But when Pope John Paul II learned of this young American Jewish conductor in Poland, the seeds of a plan were planted — a plan that would become a 17-year spiritual friendship and collaboration in the rapprochement of Catholics and Jews.

Levine tells of his experiences in his memoir, "The Pope's Maestro" (Jossey-Bass).

Levine spoke to ZENIT about his book, which he believes carries a lesson from the Polish Pontiff: That with 2,000 years of misunderstanding and "terrible difficulty" between Jews and Catholics, "if you put your mind to it you can begin the process of healing. It's not overnight. It doesn't happen overnight. But it can be done."

Part 2 of this interview, detailing the "miracle" John Paul II worked in Levine's mother-in-law, will be published Thursday.

ZENIT: Why did you write this book? As a personal friend of Pope John Paul II, you are undoubtedly the envy of millions of people, Catholics and non-Catholics alike. But the book is about more than your personal good fortune.

Levine: Well I didn't think of myself and I don't think of myself as a personal friend.
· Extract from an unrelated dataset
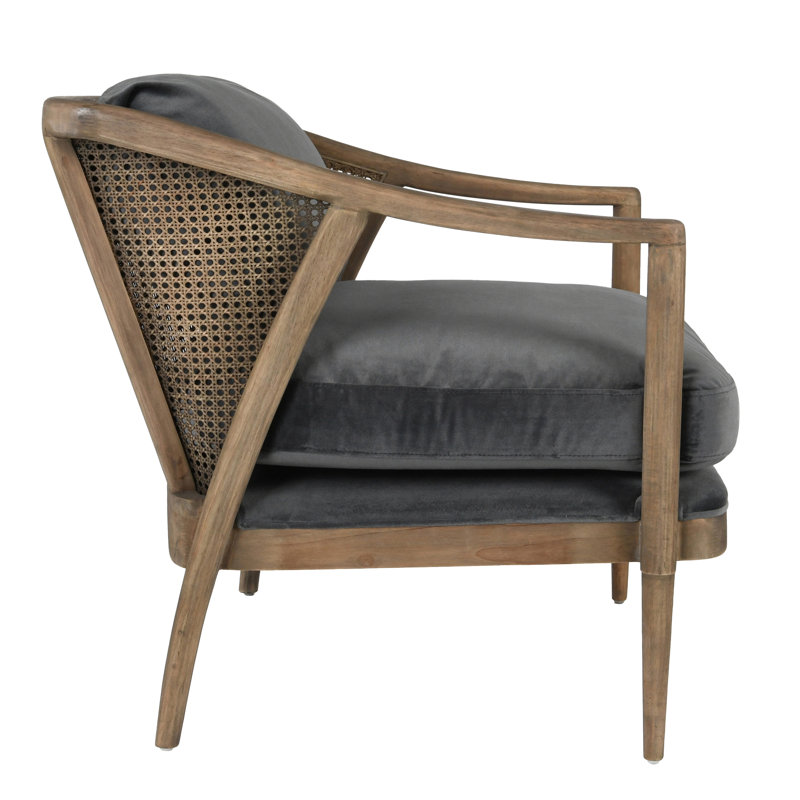 Gray Velvet Handcrafted Accent Chair with Wood Legs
Cardinal Dziwisz described me in an interview as having had a deep spiritual friendship, and there was certainly an element of friendship that developed over the years, but the Pope had personal friends — even one very well-known Jewish friend in Jerzy Kluger, whom he had known from Wadowice — so I would never call myself a personal friend, though we had a deep artistic and spiritual, as Cardinal Dziwisz said, relationship. I felt that this was so generous and so remarkable, and so, as you say, unique, that I wanted to tell the story, and the Pope himself encouraged me to tell it, as did Cardinal Dziwisz.
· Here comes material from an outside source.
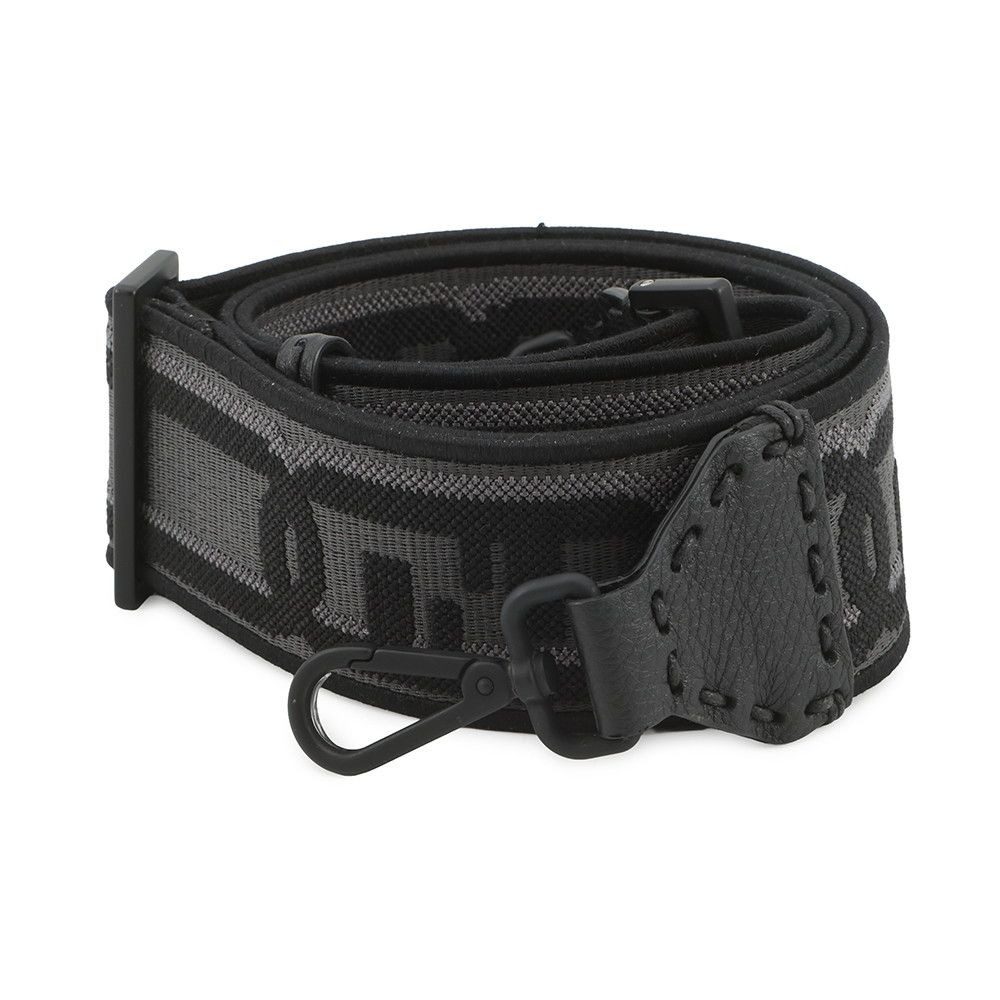 Fendi Shoulder Strap You Fflogo Canvas Leather Black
The relationship developed so deeply over so many years — 17 years — and covered so much spiritual ground. I did the very first concert in 1988 and it was all Catholic music, music I had never performed in public before, in a very Catholic setting before an entirely Catholic audience, and that was a journey that I had to make as an artist. And then over the course of the next years, many years, I came, we came, to view music — and he very much, importantly — viewed music as a way to bridge the remarkable history, much of it pained, between Catholics and Jews.
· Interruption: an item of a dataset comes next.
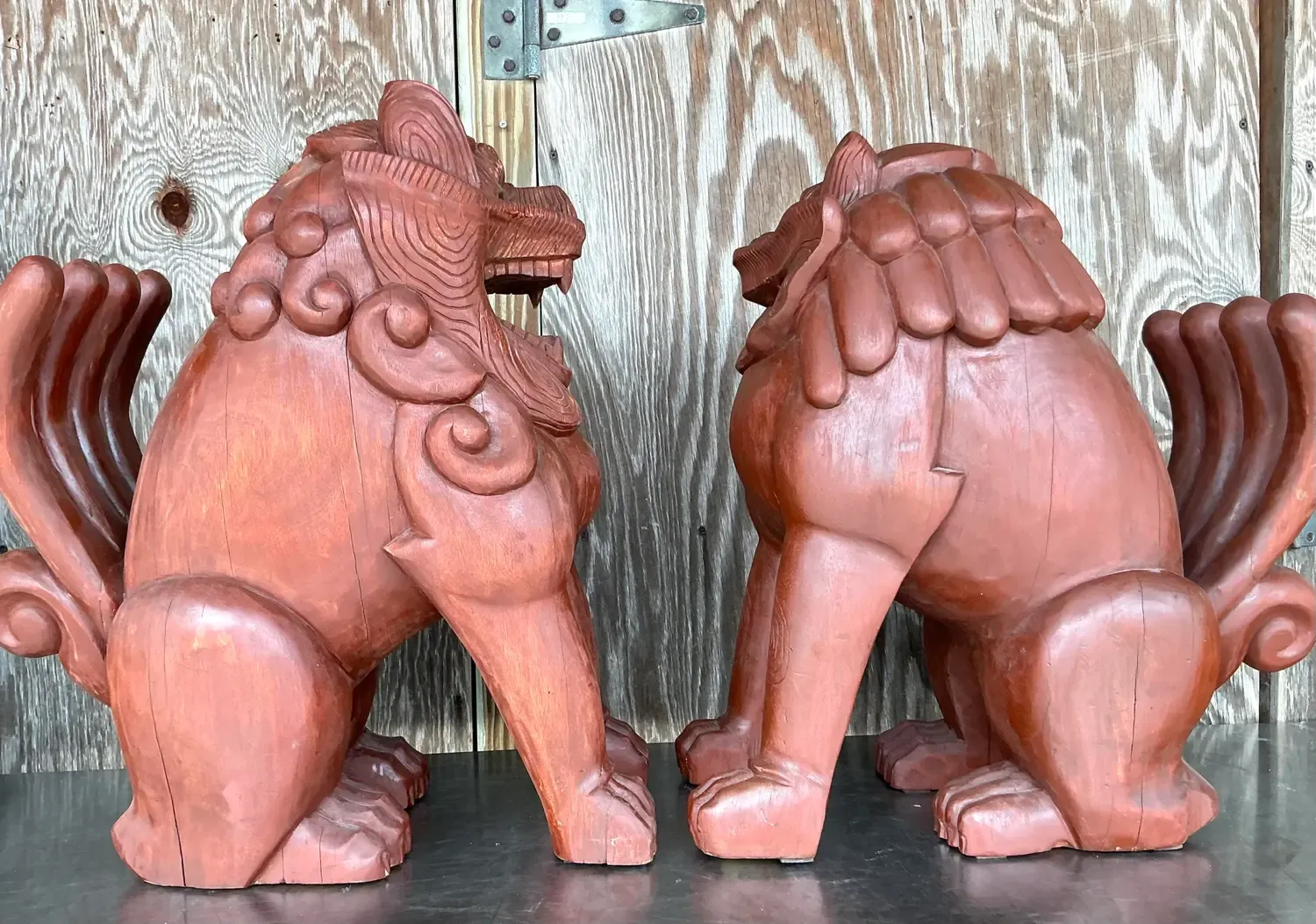 Vintage Boho Painted Wood Foo Lions - a Pair — additional photo 6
I wrote the book because this is a journey that I think can tell people about our history as Catholics and Jews, as children of Abraham — including Muslims — but also can tell a child or an adolescent, "You can be anything. You can do anything. Anything is possible with the human soul open to others." And I think that's a big part of the lesson of this book that the Pope was teaching. That if he and I could develop this kind of trust and friendship, then it was possible for anyone.

I really believe that was the lesson, for instance, from World Youth Day [in Denver], where in front of 500,000 Catholic kids he showed his affection for me, his joking with me. For all those kids and all the bishops who were there and priests with their flock from all over America and many parts of the world, and many of the people from the Curia were there: He was showing them, "You know, I can do this. I have this relationship that's easy — it's open, it's close — with this artist who is Jewish. You can do the same in your home dioceses." And I think that lesson is very powerful. And I think the lesson of the book is that lesson — of this journey that I had with this incredible man.

ZENIT: So almost a look toward the future — something for new generations to take up ...

Levine: Absolutely. I think John Paul was ever the teacher. Was absolutely ever the teacher. And I thought that he was teaching through me, and through the concerts we did — was teaching the world about what was possible. Two thousand years of misunderstanding, of terrible difficulty — and if you put your mind to it you can begin the process of healing. It's not overnight. It doesn't happen overnight. But it can be done. And what he believed — and believed powerfully — was that my music and my art, could be as he called it, a way of addressing these deep hurts in the human soul, in the fabric of human relations, and can be a wordless way to find ourselves at one with the other. As I say, he was always teaching everyone, including myself, every day I was privileged to know him.

ZENIT: You recount the experience you had of praying with the Pope. Can you describe that for us?

Levine: It was astonishing, astonishing. [Israeli] Prime Minister Rabin had been assassinated. I was meant to go to the Vatican and visit with various people — sort of, well I wouldn't call it routine; nothing at the Vatican is routine — but to visit with various people about the projects I was working on. I went to see Monsignor Dziwisz and told him I'd just arrived. I hadn't seen the Holy Father since I was bestowed the knighthood in 1994, and he [Monsignor Dziwisz] asked if I could come to St. Peter's Basilica. I was extremely quizzical because I had never been asked to do that. And to make a very long story — but an amazing story — short, I was ushered into the Pope's private chapel inside St. Peter's where he was praying silently, sitting on a chair facing a crucifix on the wall. I was positioned to look into him, into his closed eyes — and not towards the wall — and he had wished that. He had thought about that and wished me to pray with him silently. I was drawn powerfully into his prayer.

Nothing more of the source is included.